Impressions: Mirror’s Edge

Mirror's Edge cover art

Mirror's Edge cover art

I really wanted to love this games. It caught my eye with its dystopian world. It lured me closer with its strong female protagonist and it tempted me to play with its interesting game mechanic. After some closeup time with the game though, I’m sorry to say that I’m breaking up with it. I just can’t take the abuse.

I’ve been describing the game as: “It’s fun until it isn’t.” Which is to say that the parkour aspects are actually really fun. Climbing and jumping across an urban landscape in first person view can be quite rewarding as you string together long rows of techniques. The problem comes when you fail to make that jump or catch that ledge. Then you fail to make it again. And again. And again. I had some of the most swear-till-my-throat-is-sore moments with this game. The same fluidity that comes from wall-running, climbing pipes or timing jumps brings with it a need for near perfection that rewards the best and leaves the rest to holler at the screen.

If you have heard anything about this game from a podcast or a blog, the comments made were probably about the combat. It stinks. It’s true. It does. In a game that rewards running away from conflict, in several places it forces you incapacitate a room full of guards. Often times using a gun to take out a sniper or other enemy firing at you is the quickest course of action. Fighting hand-to-hand will always gives the player the advantage though if they are willing to play a ‘quicktime event’ with each armed enemy that approaches them. That process becomes tiresome over several hours of play. It is much more enjoyable to punch a solider in the face and then kick them in the balls. That always seems to knock them out.

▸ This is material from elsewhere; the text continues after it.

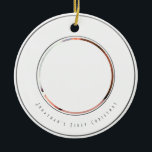 Baby Boy First Christmas Foto | Silberschneeflocke Keramik Ornament<br><div class="desc">Dieses ansprechende Design bietet Platz für ein Foto,  um dem 1. Weihnachtsfest des Babys zu gedenken. Das Foto des Kleinkindes mit personalisiertem Namen und Vorweihnachtsfest; silberne Schneeflocken schmücken den Rücken mit Platz für den Namen und das Jahr des Kleinkindes. Ein Design einer Sammlung.</div>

There are two different types of video in this game: animation and in-engine scenes. The in-engine scenes are those that maintain the first person view and have people interacting with the gamer from inside the protagonist. You see her hands grab things or look down to see her feet running. The gamer still feels in control even if the camera is moving according to the game’s script. Unfortunately, after each chapter there are short videos that remove the gamer’s control completely and show the protagonist interacting with other characters in animated scenes that look noticeably lower quality from the other content in the game.

Let me sum this up for you. If you are interested in playing this game, try the demo. Honestly. If you make it through the demo but get mad at missing a jump or not getting a smooth run, you might not want to play the full game. Although overall I had fun with the game, I considered many, many times throwing the controller at the screen during the infuriating moments of missing a jump or not having perfect timing. Your mileage may vary.